APWU launches website for closing mail centers


By Kalea Hall

khall@vindy.com

YOUNGSTOWN

The National American Postal Workers Union has put forth more effort to prevent the closing of four mail-processing and distribution centers in Ohio, including the one at 99 S. Walnut St. in Youngstown.

On Thursday, APWU launched the My Mail, My Ohio website to show the impact of the shuttering of the Youngstown, Dayton, Toledo and Akron U.S. Postal Service processing centers.

The four centers are part of 82 centers nationwide expected to close this year.

“We are at a place of urgency with the issue, and that is why we are urging [community members] to contact congressmen,” said Myra Grubbs, spokeswoman for the national APWU.

Toledo’s processing and distribution center is tentatively slated to close in April, and so is the Akron center. Dayton and Youngstown are scheduled to close by July.

USPS consolidated 141 mail-processing facilities in 2012 and 2013. The postal service expects those moves to generate $750 million in annual savings.

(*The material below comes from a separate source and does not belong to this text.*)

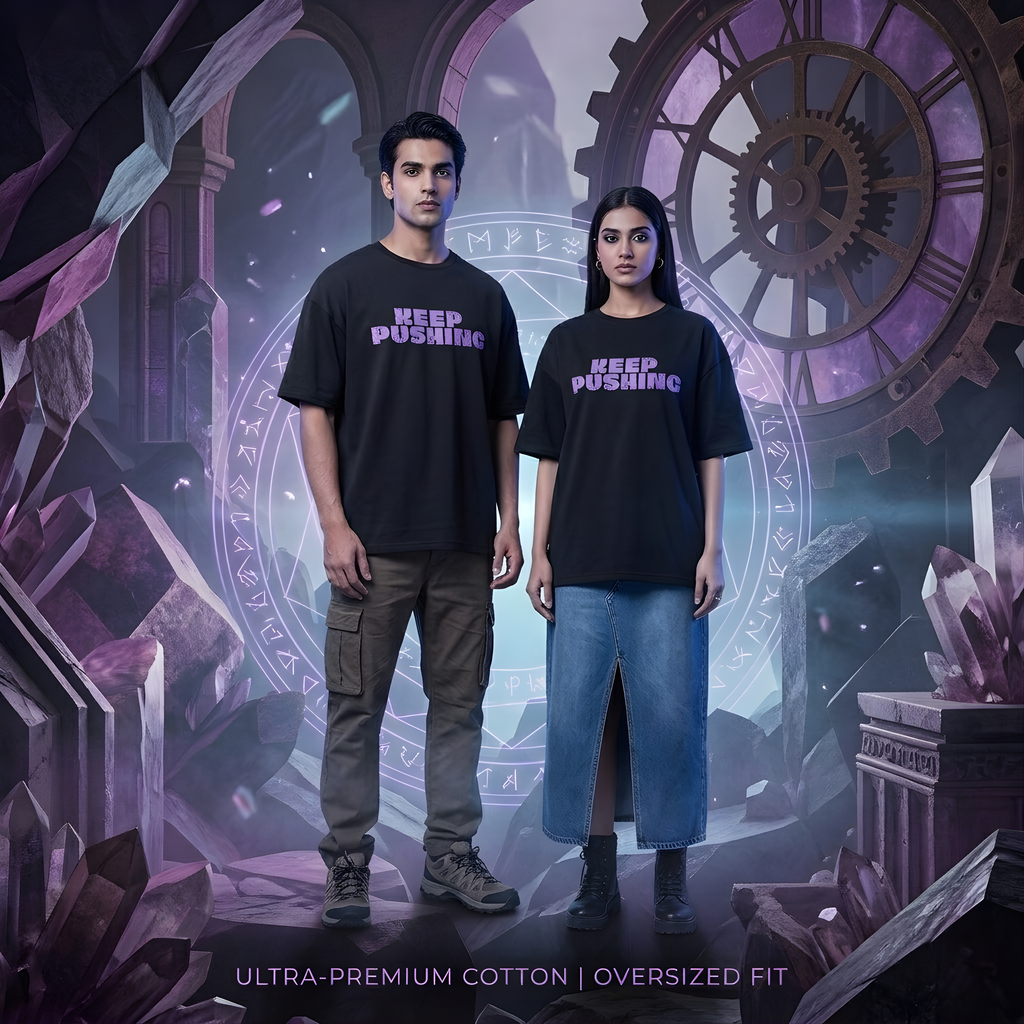 "KEEP PUSHING" Urban Mystic UNISEX Oversized T-Shirt – Limitless Reality Collection
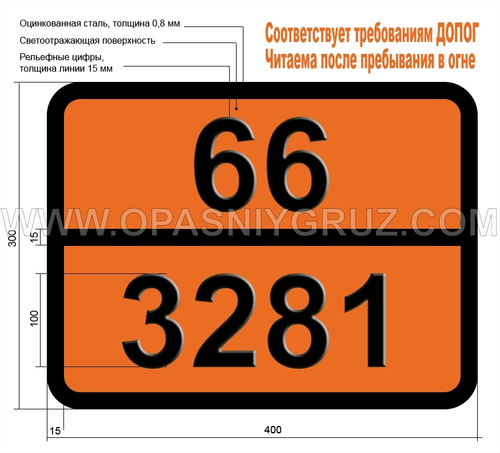 Табличка Опасный груз 66-3281 КАРБОНИЛЫ МЕТАЛЛОВ ЖИДКИЕ Н.У.К.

There are more than 100 employees at the Youngstown facility, but that does not mean all of those positions will be affected by the closure.

USPS has said it is committed to finding “landing spots” for employees, which generally means within a 50-mile radius of Youngstown, but there are exceptions.

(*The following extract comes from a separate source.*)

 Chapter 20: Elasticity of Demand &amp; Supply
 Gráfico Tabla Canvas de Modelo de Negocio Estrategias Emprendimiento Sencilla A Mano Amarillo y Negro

Jim Varner, president of the APWU Local 443 that represents about 230 workers in the Mahoning Valley, said there is concern at the facility right now. On Monday, about 35 clerks and 20 maintenance workers received letters. The letters were notifications that they could be transferred within 50 miles of the Youngstown center, Varner said.

“There is concern about these letters because we have never reached this point before,” Varner said. “We have been going through this process for years.”

The website, mymailohio.com, details the effects on each community with a closing center.

Concerns include an increased cost for business mailers, a slowdown in residential mail delivery and an impact on the local economy. The goal is to get community members to call senators and U.S. representatives to prevent the closures.

“We are just hoping we can save the service for the community and, hopefully, keep the impact here at a minimum and keep doing the jobs we do,” Varner said.